Una posibilidad alternativa, y no menos perturbadora, es que la causa del apagón no provenga de un estado-nación, sino de actores internos radicalizados. A medida que los efectos de la crisis climática se vuelven innegables y la acción política parece insuficiente, podrían surgir grupos ecologistas radicales que abandonen la protesta por el sabotaje directo.
En su visión, un apagón masivo no es un acto de terror, sino un “reseteo forzoso”: una forma de detener la máquina industrial que consume el planeta. Este escenario plantea un profundo dilema ético y de seguridad. ¿Cómo respondería el Estado a una amenaza que actúa en nombre de un bien mayor percibido? La narrativa se polarizaría entre quienes los ven como terroristas que atentan contra la vida moderna y quienes, en silencio, los consideran los únicos con el coraje de actuar. Esto podría desencadenar una espiral de represión estatal y radicalización, donde la lucha por el futuro del planeta se libra en la oscuridad, saboteando los cimientos de la civilización que se busca salvar.
Sin embargo, el shock del gran apagón también podría ser el catalizador de un futuro radicalmente diferente, uno no basado en el miedo y el control, sino en la autonomía y la resiliencia. La desconfianza hacia el sistema centralizado, que demostró ser tan vulnerable, podría impulsar un movimiento masivo hacia la descentralización energética.
En este futuro, la seguridad no reside en fortalecer un único y gigantesco sistema, sino en la multiplicación de nodos autónomos. Las comunidades, los barrios e incluso los hogares invertirían en microgrids, paneles solares, almacenamiento en baterías y cooperativas energéticas locales. El foco se desplazaría de la eficiencia a gran escala a la resiliencia a escala humana. Ser prosumidor —productor y consumidor de energía— se convertiría en una aspiración cívica.
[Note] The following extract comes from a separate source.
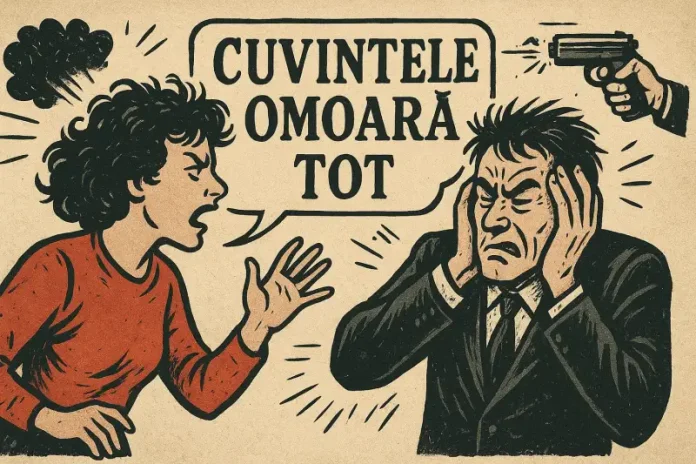 Cuvintele omoară tot: ghid ironic pentru relații toxice Cuvintele omoară tot: ghid ironic pentru relații toxice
Este modelo no solo ofrece una mayor seguridad ante fallos sistémicos o ataques, sino que también democratiza el poder, tanto literal como figuradamente, devolviendo el control sobre un recurso esencial a las manos de la comunidad.
El camino que tomemos no será único. Lo más probable es que estos futuros coexistan en una tensión constante. Los gobiernos y las grandes corporaciones, guiados por la lógica de la seguridad y el control, invertirán miles de millones en blindar la red centralizada, adoptando la mentalidad de la "Guerra de los Cables". Al mismo tiempo, a nivel local, crecerá un movimiento ciudadano hacia la descentralización, impulsado por el recuerdo de la vulnerabilidad y el deseo de autonomía.
El apagón ibérico de 2025 nos dejó una lección fundamental: la invulnerabilidad era una ilusión. La memoria de esa oscuridad nos obliga a enfrentar una elección crítica. ¿Reforzamos las viejas murallas de un sistema que, aunque poderoso, es inherentemente frágil? ¿O comenzamos a construir miles de refugios energéticos, más pequeños, autónomos y resilientes? La respuesta que demos a esta pregunta definirá no solo cómo encenderemos la luz, sino la naturaleza de nuestra seguridad, nuestra comunidad y nuestra confianza en el incierto siglo que tenemos por delante.